Why is it called "world"?

Is it related to "The All" (SN 35.23)?

“And what, bhikkhus, is the origin of the world? In dependence on the eye and forms, eye-consciousness arises. The meeting of the three is contact. With contact as condition, feeling comes to be; with feeling as condition, craving; with craving as condition, clinging; with clinging as condition, existence; with existence as condition, birth; with birth as condition, aging-and-death, sorrow, lamentation, pain, displeasure, and despair come to be. This, bhikkhus, is the origin of the world.

“In dependence on the ear and sounds … In dependence on the nose and odours … In dependence on the tongue and tastes … In dependence on the body and tactile objects … In dependence on the mind and mental phenomena, mind-consciousness arises. The meeting of the three is contact. With contact as condition, feeling comes to be; with feeling as condition, craving; with craving as condition, clinging … existence … birth; with birth as condition, aging-and-death, sorrow, lamentation, pain, displeasure, and despair come to be. This, bhikkhus, is the origin of the world.

“And what, bhikkhus, is the passing away of the world? In dependence on the eye and forms, eye-consciousness arises. The meeting of the three is contact. With contact as condition, feeling comes to be; with feeling as condition, craving. But with the remainderless fading away and cessation of that same craving comes cessation of clinging; with the cessation of clinging, cessation of existence; with the cessation of existence, cessation of birth; with the cessation of birth, aging-and-death, sorrow, lamentation, pain, displeasure, and despair cease. Such is the cessation of this whole mass of suffering. This, bhikkhus, is the passing away of the world.

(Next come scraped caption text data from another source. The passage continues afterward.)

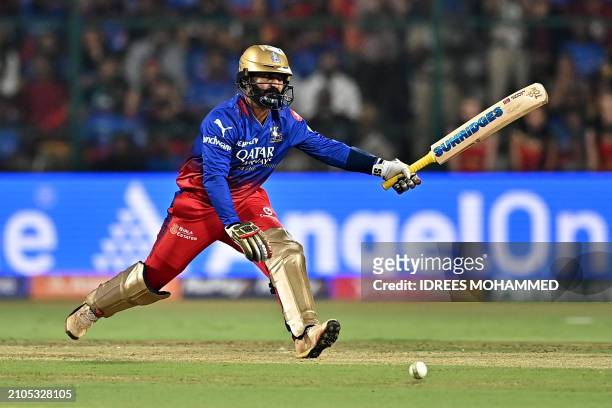 Royal Challengers Bengaluru's Dinesh Karthik watches the ball after playing a shot during the Indian Premier League Twenty20 cricket match between...
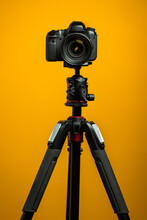 Dslr Camera On Tripod Isolated With Yellow Background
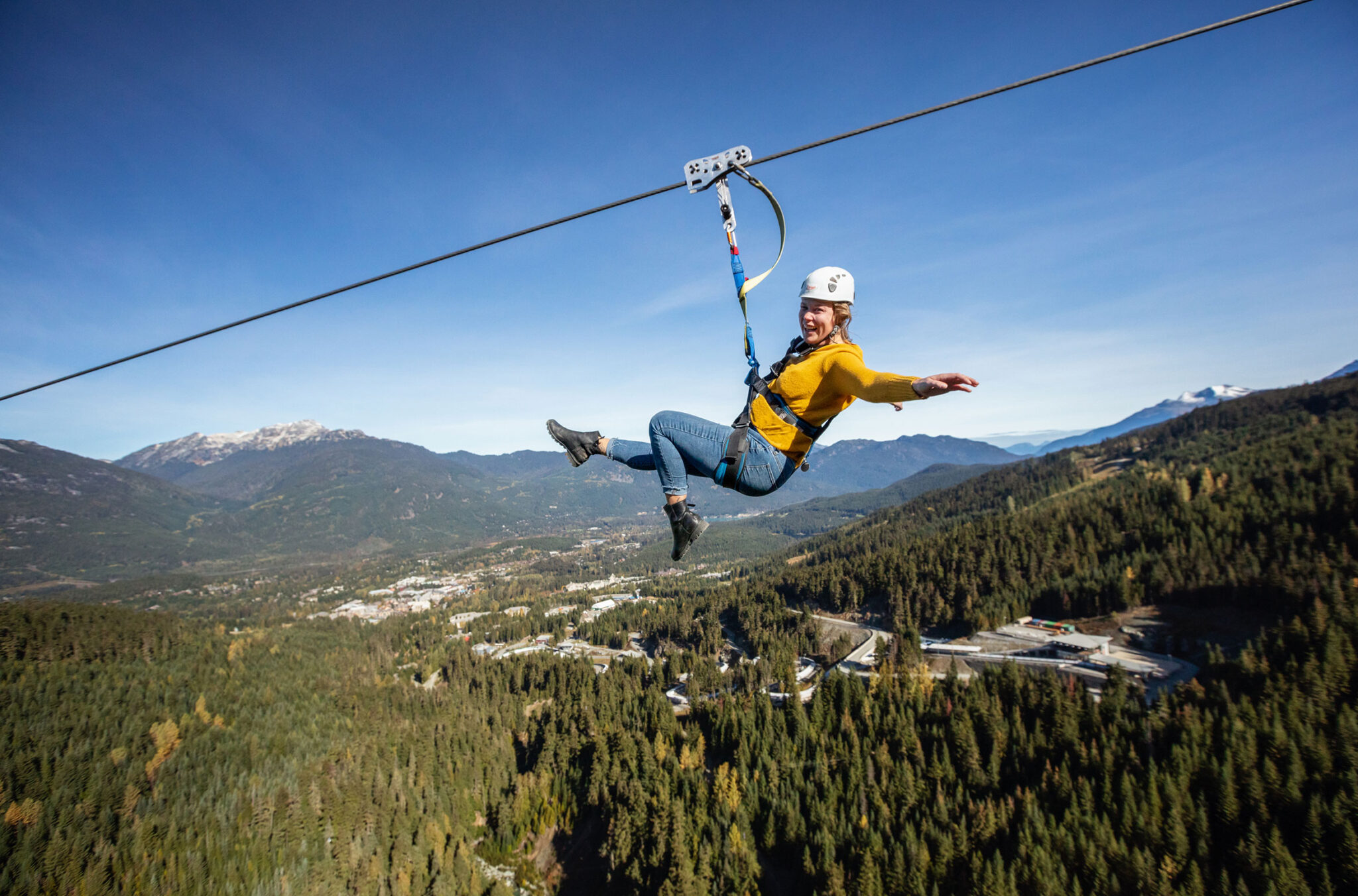 A person ziplines across the valley in between Whistler and Blackcomb mountains, the longest zipline in NA. Arms out, big smile, summer sun, it looks thrilling.
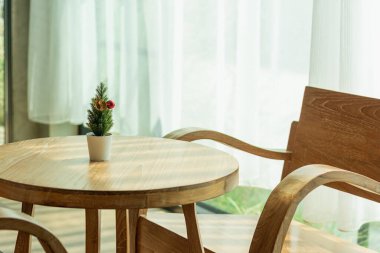 Brown antique teak table set in the interior of a coffee shop.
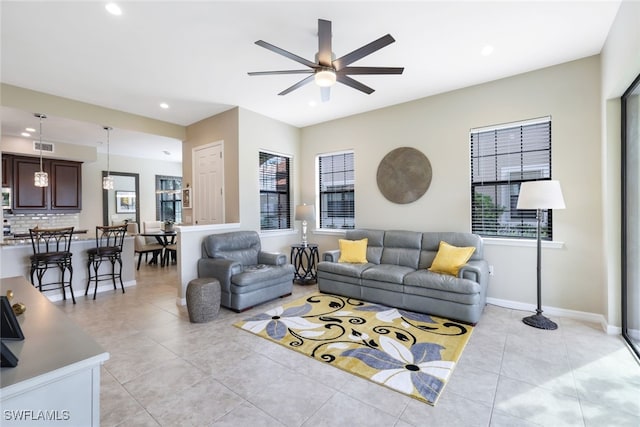 tiled living room with ceiling fan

“In dependence on the ear and sounds … … In dependence on the mind and mental phenomena, mind-consciousness arises. The meeting of the three is contact. With contact as condition, feeling comes to be; with feeling as condition, craving. But with the remainderless fading away and cessation of that same craving comes cessation of clinging … cessation of existence … cessation of birth; with the cessation of birth, aging-and-death, sorrow, lamentation, pain, displeasure, and despair cease. Such is the cessation of this whole mass of suffering. This, bhikkhus, is the passing away of the world.”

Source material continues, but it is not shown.